# Thread: Algorithm for sorting array of integers w/respect to another array c code would be g8

1. ## Algorithm for sorting array of integers w/respect to another array c code would be g8

I'm looking for a fast algorithm for sorting an array of integers with respect to a master list.

For example:

Master List: 7 3 9 1 32 6 5 4 99 100 201 13
Array that needs to be sorted array1: 1 5 4 3 6

The "sorted" array would be: 3 1 6 5 4

The order of the array that needs to sorted is originally random. Neither the master list nor the array that needs to be sorted will have repeating elements.

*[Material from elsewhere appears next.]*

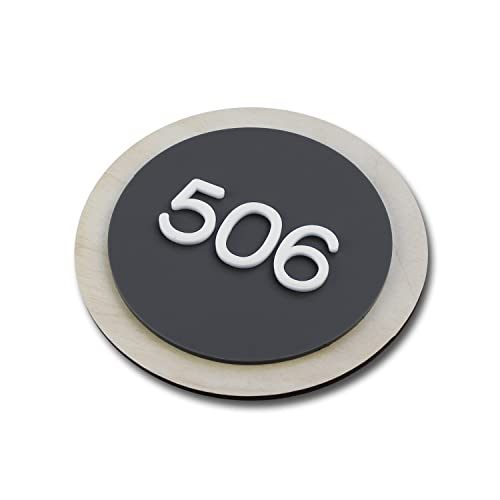 Bsign Apartment Door Numbers - Round Acrylic Plaque & Wood Sign - Office Name Plates for Wall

The fastest algorithm I have right now is:
Sort array1 with quicksort (n lg n)
foreach element in master list{
search for it in array1 //(lg n)
}

array2 has the "sorted" list I am looking for

Unfortunately this gives worst case time n*lg(n) + m*lg(n) where n=number of elements in array 1 and m = number of elements in master list

and m is really big

2. That's because you're doing a linear search in the second stage.
Instead do a binary search which has a performance of O(log N).

3. I am doing a binary search in the second stage, but I'm looking looking for each instance of the master list in the second array.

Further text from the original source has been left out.